South Korea's acting justice minister offered to resign Friday, one day after the ministry and state prosecutors launched internal corruption investigations into their own officials, who are suspected of intentional negligence to afford leniency toward a former presidential secretary.

"I did my best to maintain law and order as acting justice minister amid a national crisis. But I decided to step down believing I must be the first one to give up what I have in order to win the people's trust in regard to the recent incident," Lee Chang-jae said.

Lee, a vice minister, has been serving as an acting head of the justice ministry since late November when former minister Kim Hyun-woong stepped down, citing the then ongoing investigations against the person who had appointed him to the top judiciary post, Park Geun-hye.

This image shows justice ministry official Ahn Tae-geun (R) and Lee Young-ryeol, chief of the Seoul district prosecutors' office, who face internal investigations on suspicions of illicit favors for a former presidential secretary currently facing trial on charges of negligence and abuse of power. (Yonhap)

Lee's resignation offer came one day after the ministry launched an internal investigation against a ranking ministry official, Ahn Tae-geun, over providing what he earlier claimed to be cash bonuses to prosecutors who had questioned a former prosecutor and the former president's top aide for civil affairs, Woo Byung-woo.

The money, however, is widely considered kickbacks for their failure to have Woo detained.

The former chief secretary for civil affairs to Park currently faces a trial on several charges that include abuse of power.
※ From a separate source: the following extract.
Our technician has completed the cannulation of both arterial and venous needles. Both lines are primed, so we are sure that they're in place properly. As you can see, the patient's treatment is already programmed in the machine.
But he is one of a very few to face trial without physical detention in relation to the corruption scandal involving the former president and her longtime friend Choi Soon-sil.

Many believe the prosecution's failure to detain Woo may have been intentional.
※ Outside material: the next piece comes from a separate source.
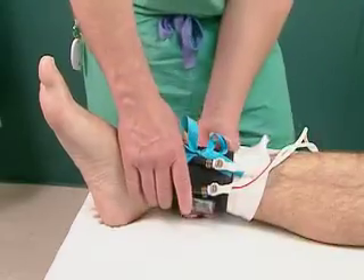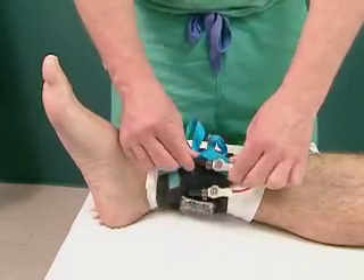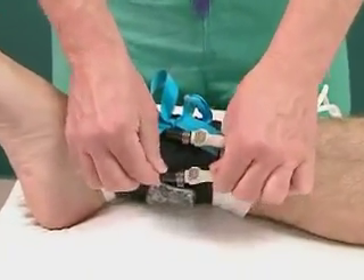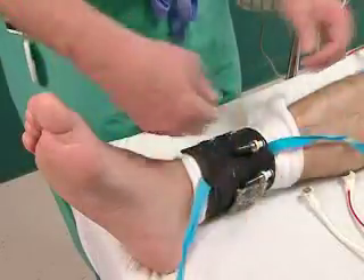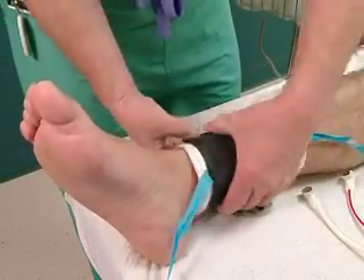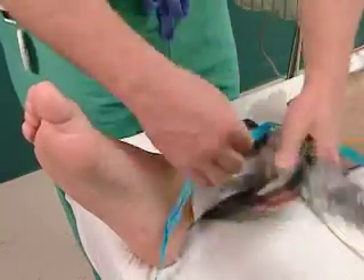If the patient experiences uncontrolled bleeding at the site, increasing the pressure may not be effective if the cuff is not allowing the pressure to be applied properly. Before increasing the pressure, check the cuff to be sure that it's inflated properly, isn't damaged, and doesn't have wrinkles or crinkling. If the location or position of the cuff needs to be adjusted, remove the cuff and reapply it.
Such suspicions have apparently prompted President Moon Jae-in to order a special investigation.

The justice ministry launched a 10-person team Thursday to investigate Ahn and others involved in the incident.
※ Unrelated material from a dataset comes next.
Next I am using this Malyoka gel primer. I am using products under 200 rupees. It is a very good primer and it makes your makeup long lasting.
The state prosecutors' office has also set up a 12-person team to question its own officials, including Lee Young-ryeol, chief of the Seoul district prosecutors' office.

The investigation teams were said earlier to have demanded a written report from each and every person involved.

On Friday, the president sacked both Ahn and Lee from their current posts without accepting their resignations offered the previous day.

Ahn has been assigned to the district prosecutors' office in Daegu, while Lee has also been ordered to maintain his employment as a state prosecutor in the southern port city of Busan, according to Yoon Young-chan, the chief press secretary at the presidential office Cheong Wa Dae.

Removing them from their current positions without firing them clearly indicated a move to have them investigated and punished if necessary.

A Cheong Wa Dae official earlier noted their resignations could not and should not be accepted as long as they face internal investigations.

Partly confirming its own suspicions over the prosecution's failure to detain Woo, the presidential office named Yoon Seok-youl, a prosecutor who worked as a key investigator for an independent counsel team that looked into Park's corruption scandal as the new chief of the Seoul district prosecutors' office.

"I believe the most important issue to the prosecution right now is maintaining and continuing its investigation and prosecution of those involved in the influence-peddling scandal. And I decided (Yoon) was the best person to clearly carry out those duties," the president told a press conference.

The president has also named Park Kyun-taek, a prosecutor from the Supreme Prosecutors' Office, to replace Ahn as the director of prosecution at the justice ministry. (Yonhap)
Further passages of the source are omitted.